Collected data |
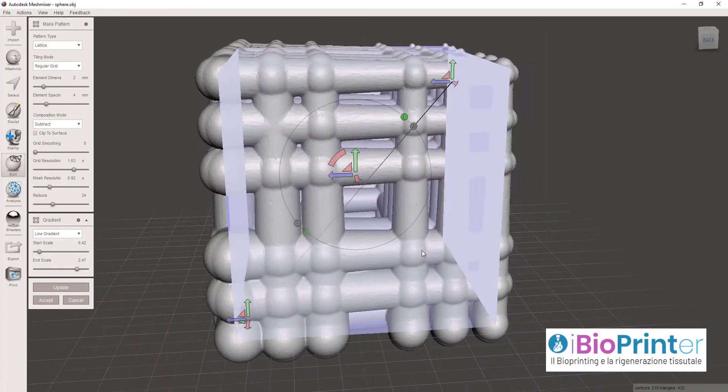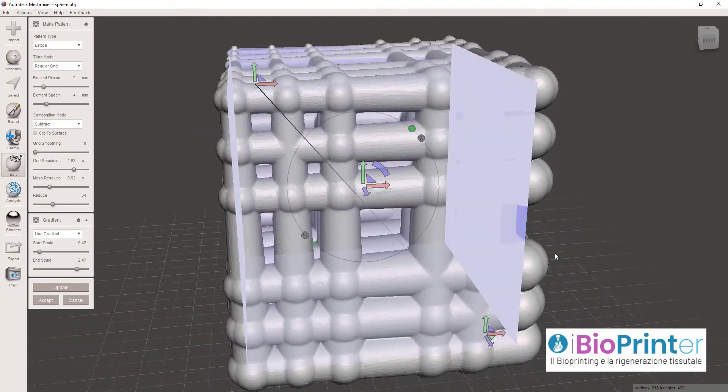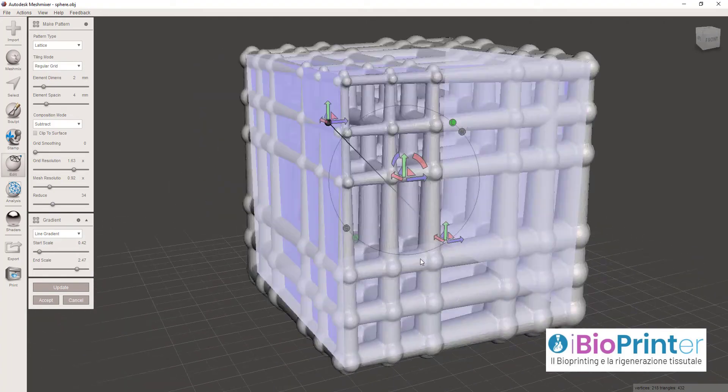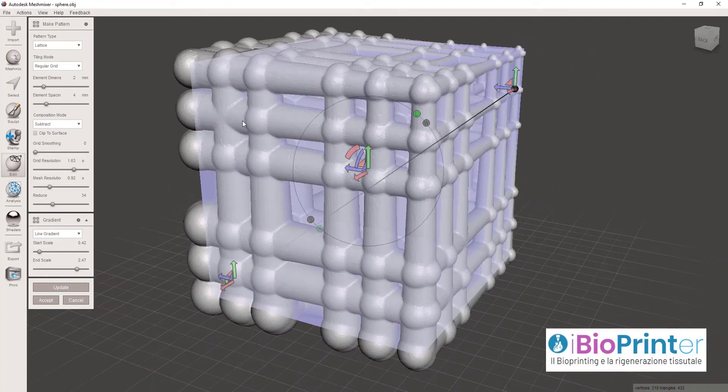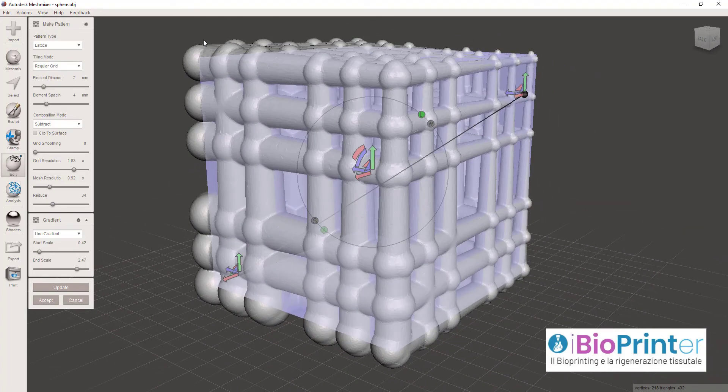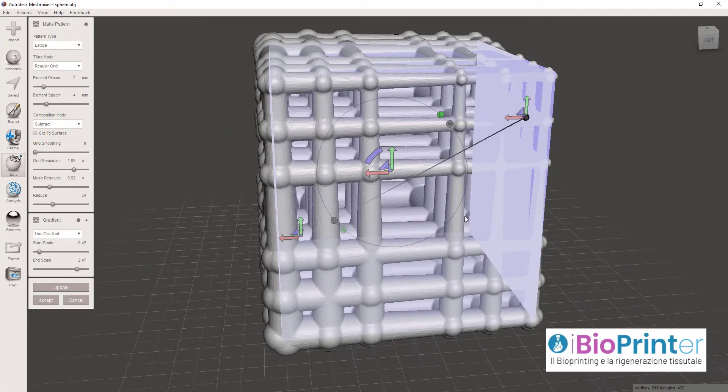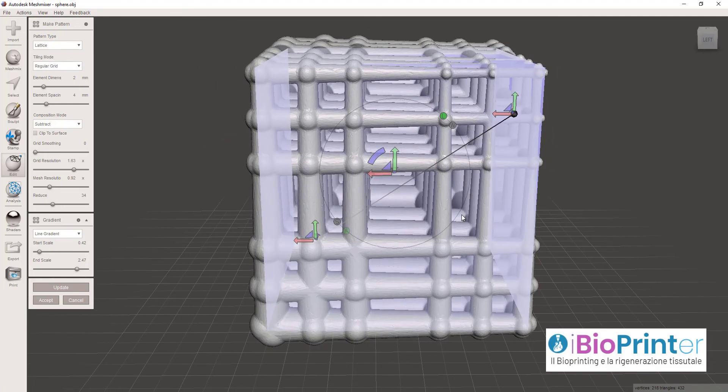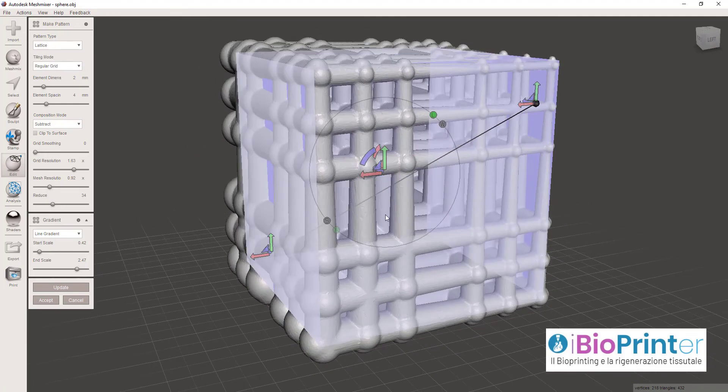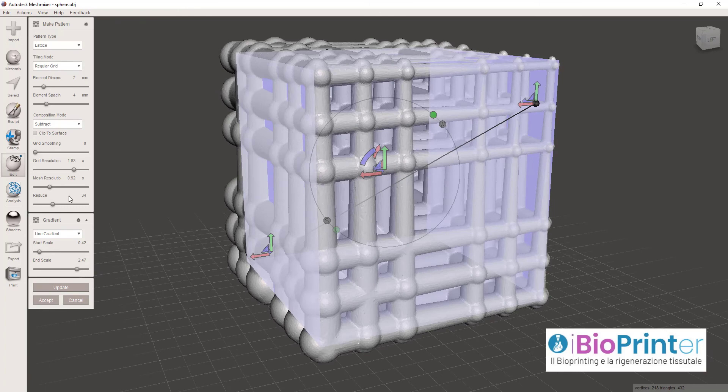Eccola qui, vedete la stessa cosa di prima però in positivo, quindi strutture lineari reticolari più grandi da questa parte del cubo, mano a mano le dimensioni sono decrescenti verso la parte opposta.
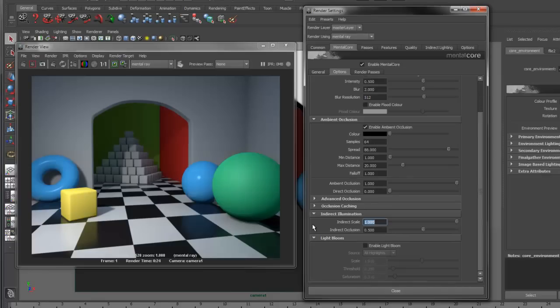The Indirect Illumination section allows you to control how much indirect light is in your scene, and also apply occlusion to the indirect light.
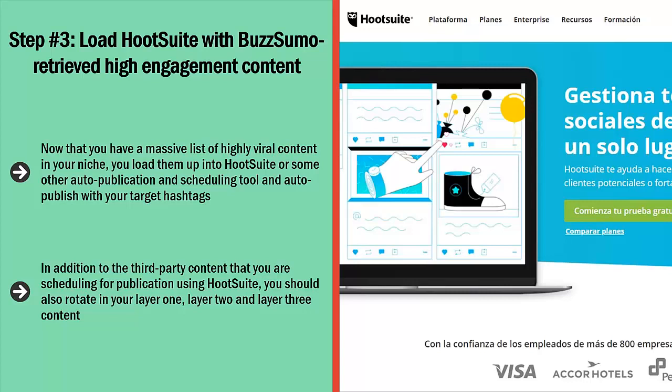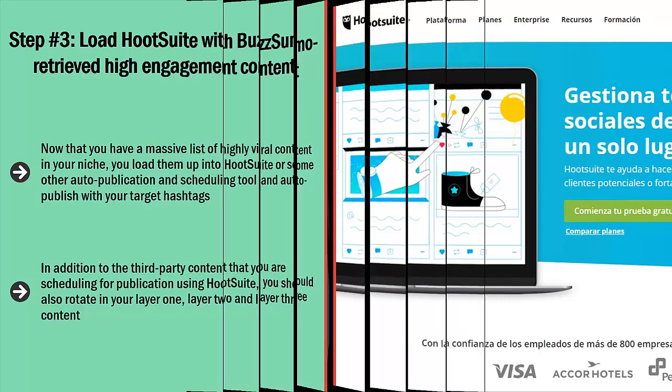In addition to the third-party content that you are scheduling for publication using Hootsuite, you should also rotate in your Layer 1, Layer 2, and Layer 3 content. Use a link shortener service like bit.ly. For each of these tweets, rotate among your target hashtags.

Task statement | Only the lines from the top of the material above down to the line bearing "The Indirect Illumination", that line included, should be set down exactly; no pictures.

Solution to this problem |
Eccola qui, vedete la stessa cosa di prima però in positivo, quindi strutture lineari reticolari più grandi da questa parte del cubo, mano a mano le dimensioni sono decrescenti verso la parte opposta.
The Indirect Illumination section allows you to control how much indirect light is in your scene, and also apply occlusion to the indirect light.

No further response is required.